[GIVEN INFORMATION]:
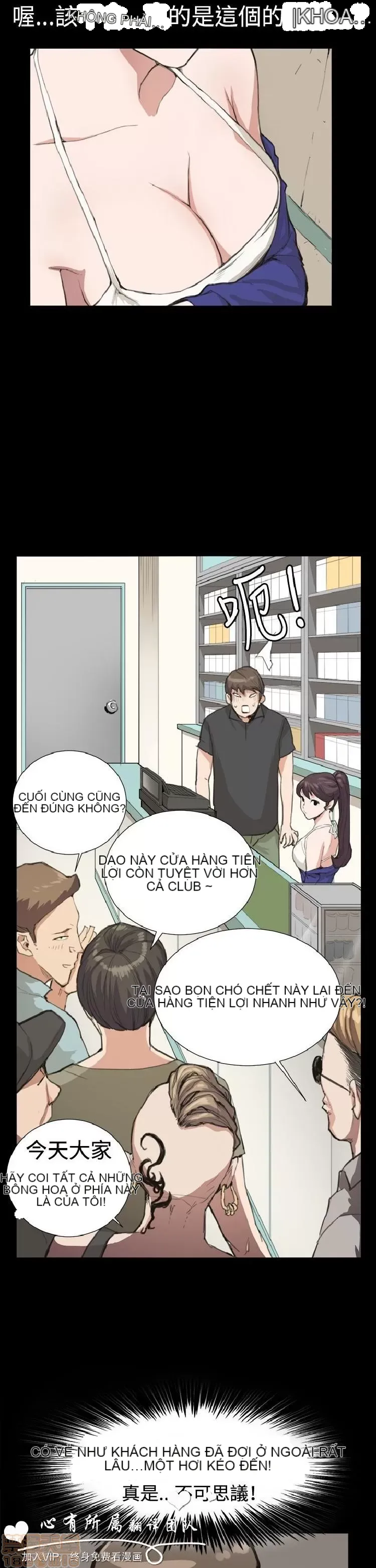 Cửa hàng tiện lợi đêm khuya Cửa hàng tiện lợi New Star Chương 1-68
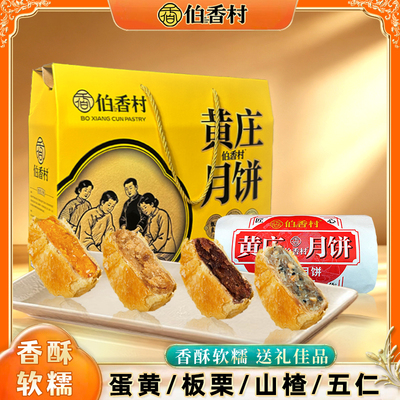 伯香村黄庄月饼中秋礼盒
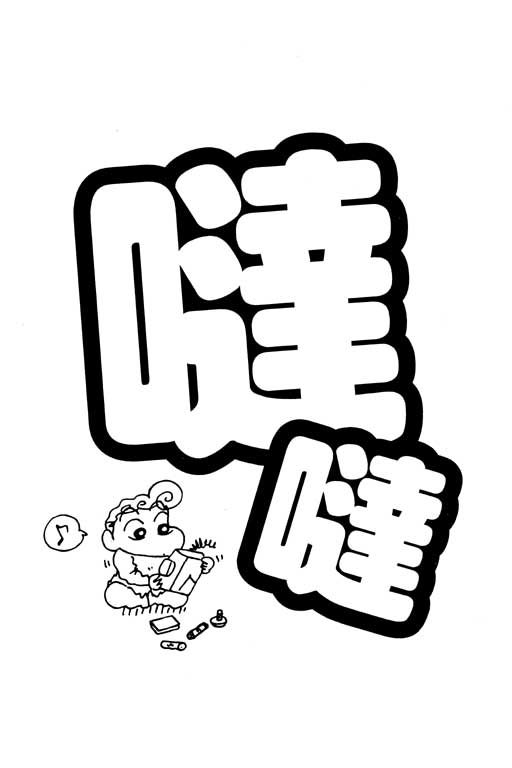 《蜡笔小新》漫画最新章节第34卷免费下拉式在线观看章节第【91】张图片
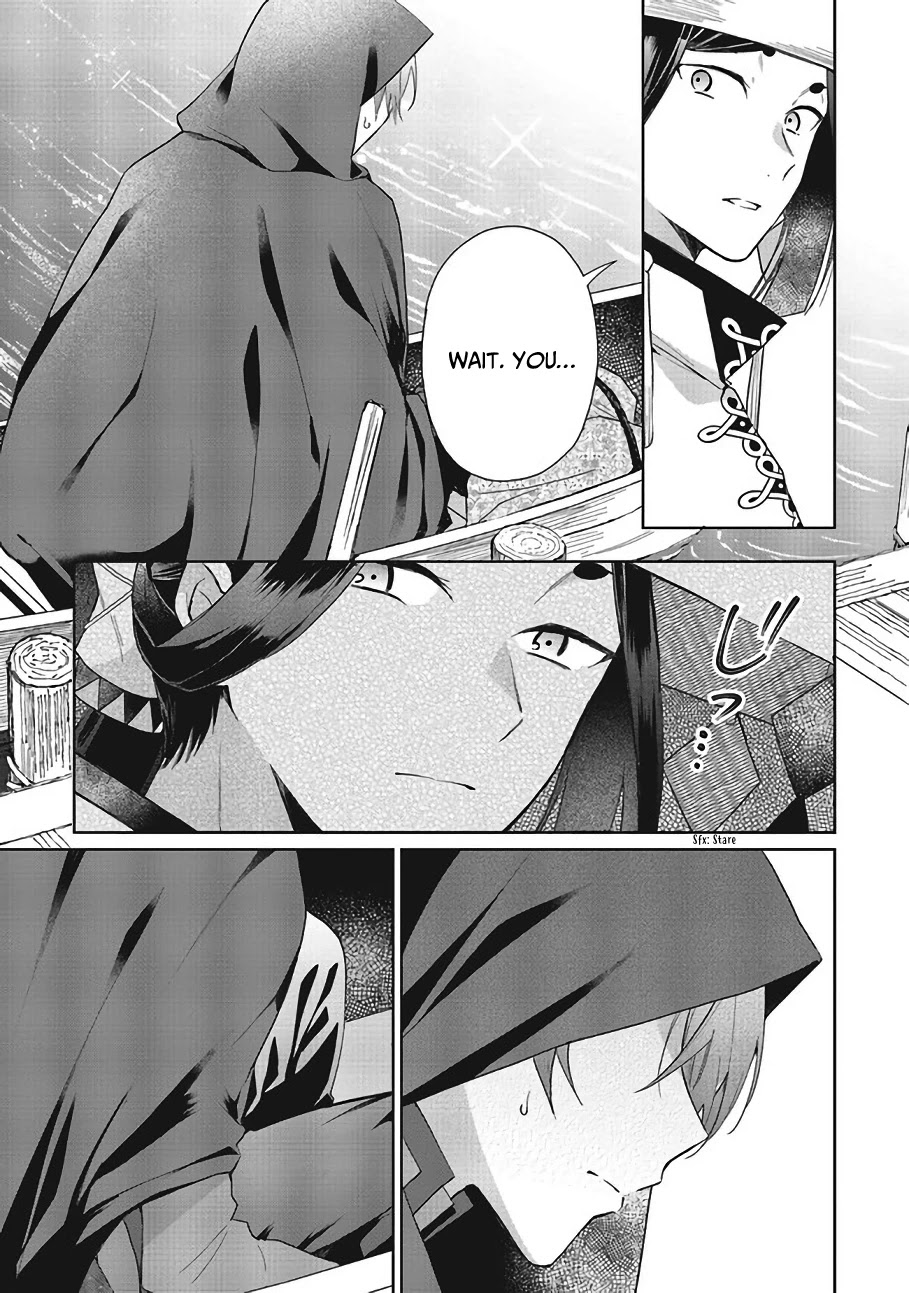 Hello, I Am a Witch, and My Crush Wants Me to Make a Love Potion! Chapter 7 page 20 - Chapter 7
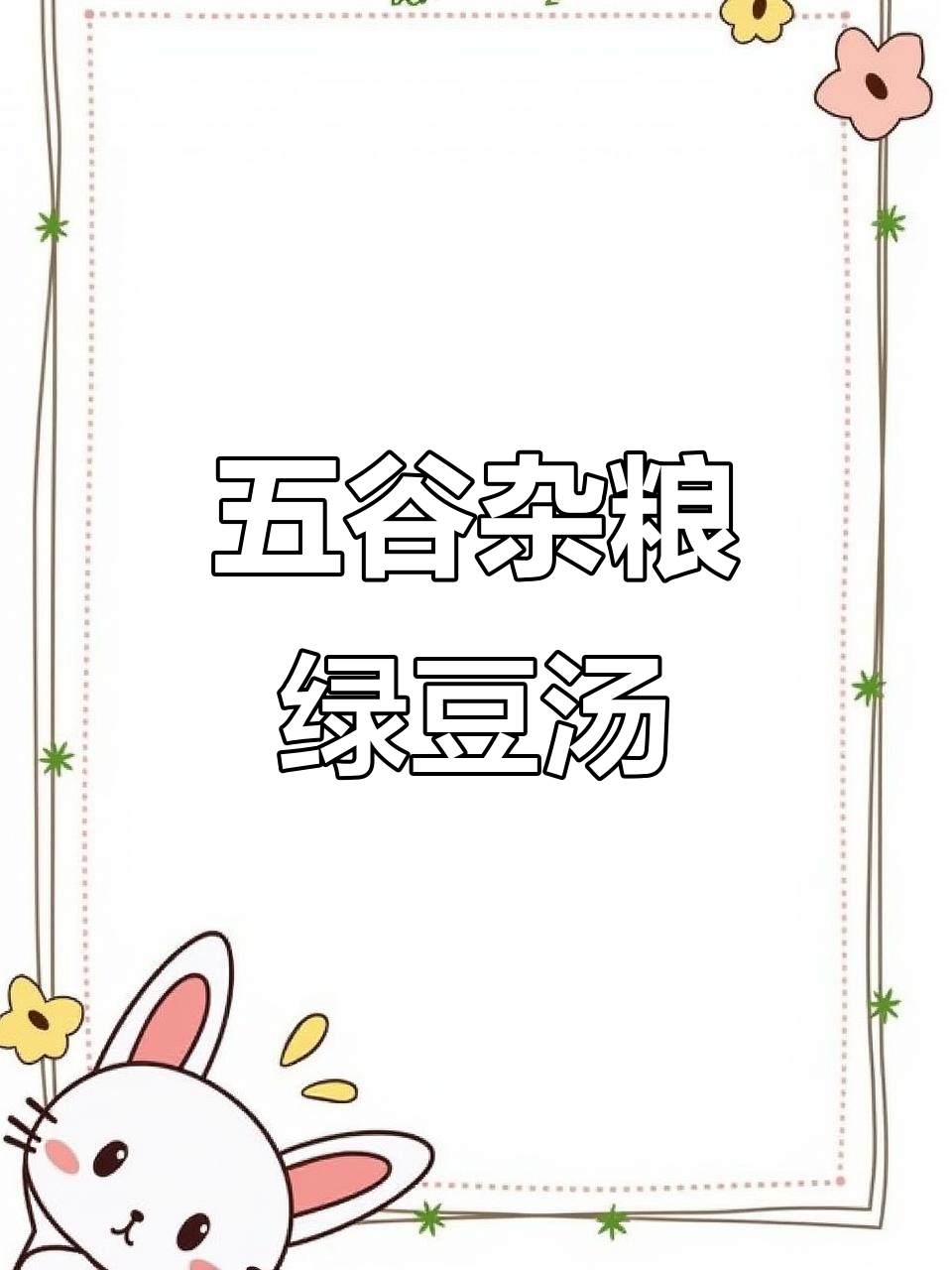 绿豆汤与五谷杂粮养生粥,大人小孩都爱喝的营养早餐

[EXERCISE BRIEF]:
Starting at the line that contains "Hello, I Am", write out every line through the end of the entries above exactly, and omit the pictures.

[ANSWER SECTION]:
 Hello, I Am a Witch, and My Crush Wants Me to Make a Love Potion! Chapter 7 page 20 - Chapter 7
 绿豆汤与五谷杂粮养生粥,大人小孩都爱喝的营养早餐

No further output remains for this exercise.